Papatya çayı ile ağzınızı da çalkalayabilirsiniz. Papatya, dezenfektan ve anti-enflamatuar özelliklere sahiptir ve enfeksiyonu önlemeye yardımcı olabilir veya bir enfeksiyon durumunda ilk rahatlamayı sağlayabilir. Başlangıçta şiddetli fiziksel efor veya sportif faaliyetlerden kaçınılmalıdır. Ayrıca, temelde kapsamlı ve yoğun bir ağız hijyeni çok önemlidir. Bunun yanı sıra bağışıklık sistemini güçlendirmek için bu süre zarfında sağlıklı beslenmeye özellikle dikkat etmelisiniz. Diş tedavisine ek olarak, ev ilaçları kesinlikle bir destek olarak kullanılabilir. Yine de tedavinin başarısını düşürmemek için işlem diş hekimi ile tartışılmalıdır.

Güzel

Hastanın kendi kendine yapabileceği ilk kendi kendine terapi, kızaran ve ısınan şişliği soğutmaktır. Enflamasyon mikropları çoğalmak için ısıyı tercih ettiğinden, bu önlem çok mantıklıdır. Soğutma, patojenlerin artık o kadar hızlı yayılmamasını sağlar ve ağrıyı hafifletir. İdeal olarak, bir soğutma kompresi bir mutfak havlusuna sarılarak etkilenen bölgeye yaklaşık 15-20 dakika boyunca basınçsız olarak uygulanabilir. Bu işlem tekrarlanabilir, ancak soğutma işlemi sürekli olmamalıdır, aksi takdirde vücut, artan kan akışıyla soğumaya direnir ve bu da şişliğin azalmasına ters etki eder.

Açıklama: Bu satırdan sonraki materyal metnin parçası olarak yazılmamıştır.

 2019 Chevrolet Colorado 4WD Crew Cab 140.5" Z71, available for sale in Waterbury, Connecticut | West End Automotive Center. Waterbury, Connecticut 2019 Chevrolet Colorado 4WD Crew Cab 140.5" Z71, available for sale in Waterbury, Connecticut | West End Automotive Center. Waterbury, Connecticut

Antibiyotikler ne zaman kullanılmalıdır?

Çıban hızla yayılabildiğinden ve antibiyotik tüm bakterileri hızla yok ettiğinden genellikle kalın yanaklar için antibiyotik önerilir.
Hastanın durumuna, apsenin boyutuna ve ciddiyetine bağlı olarak diş hekimi antibiyotik uygulamasının tek tedavi olarak yeterli olup olmadığına veya cerrahi tedaviyi desteklemek için reçete edilip edilmediğine veya terapötik bir önlem olarak tek bir rölyef kesisinin yeterli olup olmadığına karar verir.

Dişçiye ne zaman gitmem gerekiyor?

Yanaktaki şişlik birkaç günden en fazla bir haftaya kadar azalmamışsa ve yara bölgesinde ağrı, genel durum bozukluğu veya ateş eşlik ediyorsa, derhal bir diş hekimine danışılmalıdır.

Bu durumda mesele ameliyat sonrası olağan yara iyileşmesi değildir. Herhangi bir ameliyat yapılmamış olsa bile, rahatsızlığın eşlik ettiği şişlik her zaman bir iltihap veya bakteriyel enfeksiyon belirtisidir. Bu gibi durumlarda, diş hekimi "kalın yanağın" nedenini bulabilir ve tedavi edebilir.

süre

Bir apse hastalığının zaman çerçevesi açıkça tanımlanamaz.
Oluşum bile değişken olabilir. Şişliğin hızlı gelişmesinden hastalığın yavaş tezahürüne kadar her şey mümkündür. Ancak sıcak yaz havalarında apselerin daha hızlı geliştiği kesin olarak söylenebilir.